In 1908, Freitas Branco heard Richard Strauss conduct both Don Juan and Till Eulenspiegel in Lisbon. This resulted in Freitas Branco's After a Reading of Guerra Junqueiro. The work he refers to is Junqueiro's Death of Don Juan. Freitas Branco's score teems with steals from both Strauss scores, mainly in the orchestration and in the overall shape, which follows Don Juan. By the way, the Portuguese consider this period Freitas Branco's most important. However, you only have to put this beside either Strauss score to recognize the difference between talent and genius.

Literature inspires most of Freitas Branco's orchestral output. Baudelaire's translation of De Quincy's Confessions of an Opium Eater sparked Artificial Paradises, apparently considered Freitas Branco's masterpiece. This score certainly improves upon the Junqueiro tone poem. Strauss still hangs about, but so do Tchaikovsky and Ravel. The composer takes a risk -- fourteen minutes of slow -- but the piece has just enough interest to sustain its length. Just don't expect Daphnis et Chloë or La Mer. Unlike Falla's Nights in the Gardens of Spain, for instance, which builds something unique on an Impressionist base, other than a certain amount of taste, you sense very little personality in this music.

The second symphony appeared in 1926 -- that is to say, a bit after Stravinsky, Schoenberg, Hindemith, and Bartók had begun to carve out Modern paths. Although not a practicing Catholic, Freitas Branco wrote it on the occasion of his sister's entry into a Carmelite convent. Part of the plainchant "Tantum ergo" provides one of the stronger thematic strands in the score.
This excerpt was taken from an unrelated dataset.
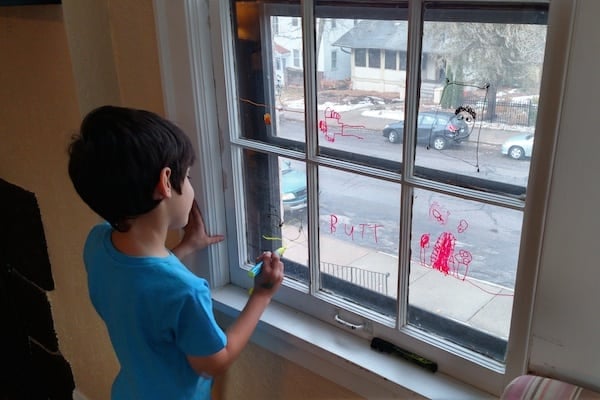 Writing on window with liquid chalk markers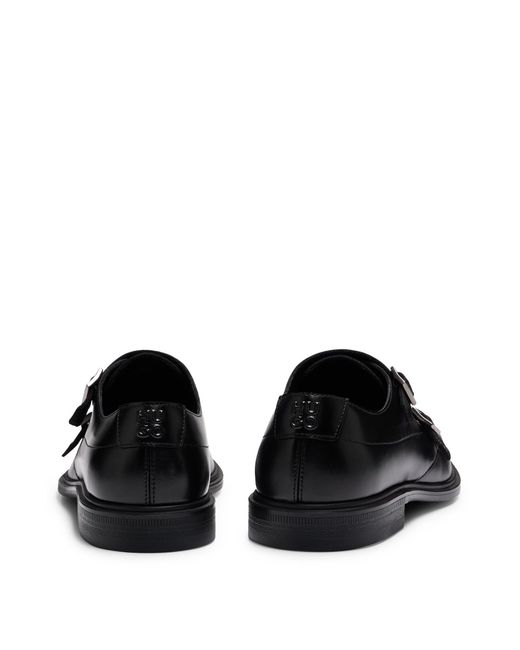 HUGO Black Double-monk Shoes In Leather With Logo for men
Freitas Branco seems not to have noticed or felt much artistic sympathy with the new music, since of all the influences on him -- Debussy, Ravel, Strauss, even the "archaic," modal Respighi -- the strongest presence in this symphony is César Franck's ghost. The symphony opens with the chant. However, when we finally get to the main allegro, the years suddenly vanish and we find ourselves in the middle of "stress" music that would fit very well into Franck's 1888 d-minor symphony. Franck did influence some moderns, but in a structural way. However, his actual idiom faded from fashion by the early 1900s. Some very early pieces by Vaughan Williams, for example, derive from Franck. Significantly, VW never pursued publication or further performances. At any rate, eventually even Freitas Branco's chant theme (actually, a variant) gets bathed in Franckian harmony. Indeed, most of the movement runs in this vein. It feels as if the modern touches merely decorate rather than contribute to the substance. Some writers have seen this movement as a conflict between faith and doubt. To me, however, the movement depicts a struggle between the new era with the old, and the old wins out.

The second-movement andantino derives from the slow movement to the Franck symphony, with here and there a touch of Bruckner. Nevertheless, the composer writes one of the more convincing movements of the symphony.

The scherzo's main theme comes from the Tantum ergo chant, with the initial interval changed from whole to half step -- a simple change that gives the theme a new uneasiness. The new tempo makes the chant a grotesquerie. Traditionally, the scherzo has allowed composers to take chances and to extend themselves. You can find a lot of radical music in scherzi. Some writers have tried to argue this for Freitas Branco but, I think, unsuccessfully. To me, it sounds less radical than Saint-Saëns's Danse macabre.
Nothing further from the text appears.